Denial of Service in Java SE and React server, and pnpm lets a directory traversal (Zip) slip in. Last week in AppSec.

In this edition of Last Week In AppSec, we find a couple of DoS issues in popular tools like Java SE (and GraalVM) and React, along with a surprise directory traversal in the pnpm package manager for npm.

Oracle Java SE / GraalVM: remote DoS in sandboxed client contexts (CVE-2026-21945)

Oracle Java SE SDK, including GraalVM, has an easily exploitable vulnerability that at minimum can result in a Denial of Service (DoS) leading to a crash. Crashing bugs should always be prioritized highly, though, because if an adversary can force a crash, that is often a stepping stone to a more serious issue (like an RCE).

However, despite its high CVSS score, most organizations are unlikely to be supplying untrusted code to these systems in most deployments – meaning that while you should plan to update (and may have to in high-compliance environments), for most teams it isn’t going to be a significant priority.

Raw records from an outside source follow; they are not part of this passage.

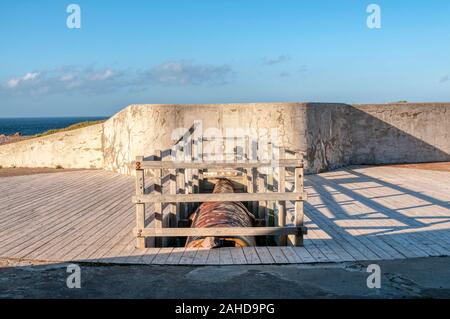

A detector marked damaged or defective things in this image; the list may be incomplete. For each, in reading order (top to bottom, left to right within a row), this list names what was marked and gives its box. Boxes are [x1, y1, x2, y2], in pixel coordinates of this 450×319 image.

rusty cannon barrel [185, 179, 256, 249]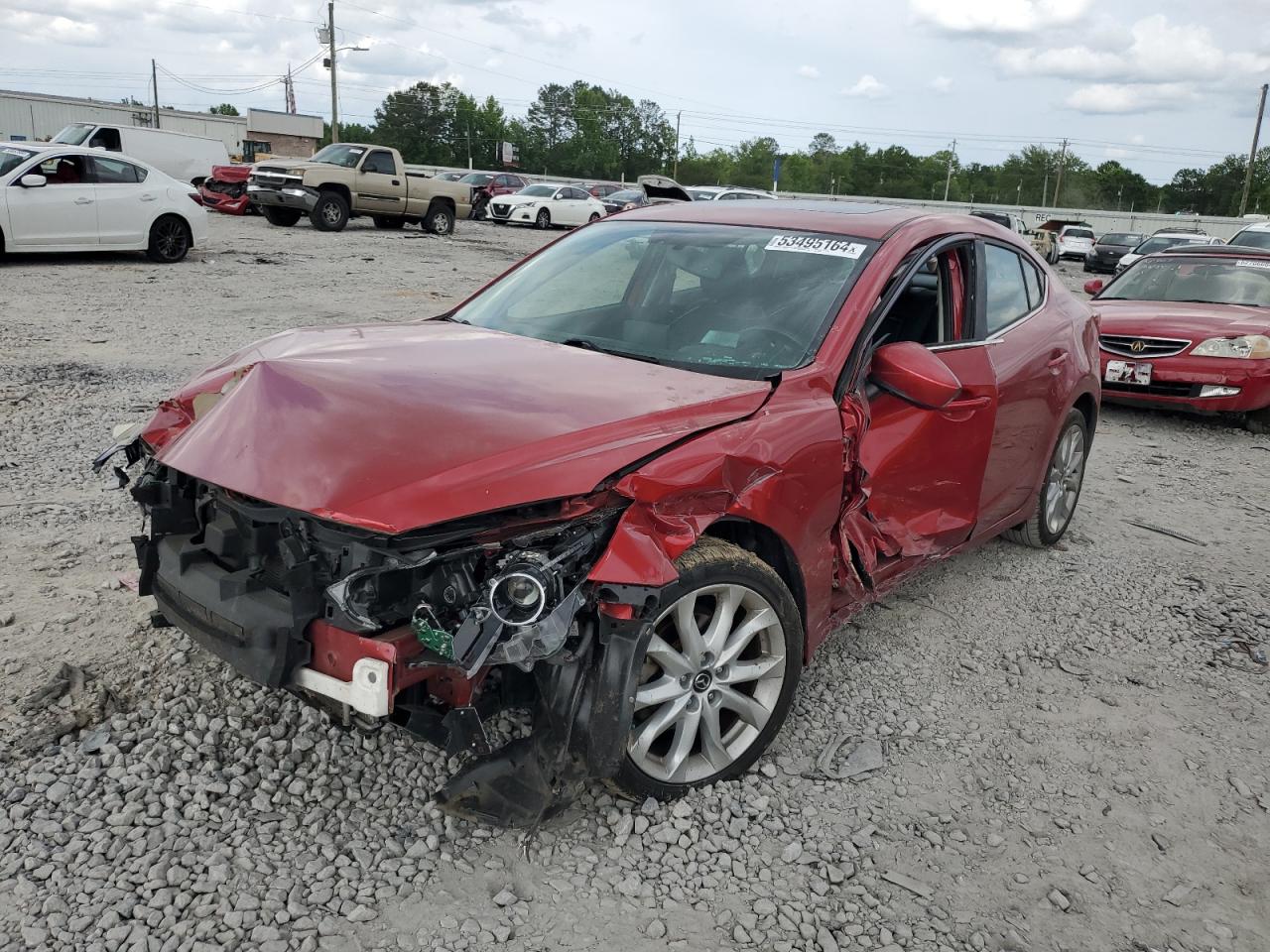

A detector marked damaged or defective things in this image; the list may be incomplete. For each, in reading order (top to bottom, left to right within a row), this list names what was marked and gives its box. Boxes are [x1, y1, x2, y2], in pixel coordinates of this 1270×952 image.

shattered windshield [0, 146, 36, 178]
shattered windshield [51, 125, 92, 145]
red damaged car [195, 165, 252, 216]
shattered windshield [309, 143, 365, 167]
crumpled car hood [147, 324, 762, 537]
shattered windshield [444, 222, 873, 378]
damaged rear door [837, 237, 995, 588]
red damaged car [1086, 247, 1270, 438]
red damaged sedan [1086, 247, 1270, 438]
shattered windshield [1102, 255, 1270, 306]
exposed headlight [1189, 340, 1270, 360]
red damaged car [93, 202, 1096, 827]
red damaged sedan [93, 202, 1096, 827]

If you do have a system that runs code from untrusted sources (for example, if your product is something that runs your customers’ code for any reason), then you should treat this as a much higher priority.

Affected:

  • Java SE 8 (and variants), 11.0.29, 17.0.17, 21.0.9, 25.0.1; GraalVM for JDK 17.0.17 / 21.0.9
  • GraalVM EE 21.3.16.
  • Any products or components that integrate the above

If you have a high-risk use case, and you’re unable to upgrade promptly, make sure your systems monitoring tools are paying attention and flagging signs of compromise like overly-frequent crashes.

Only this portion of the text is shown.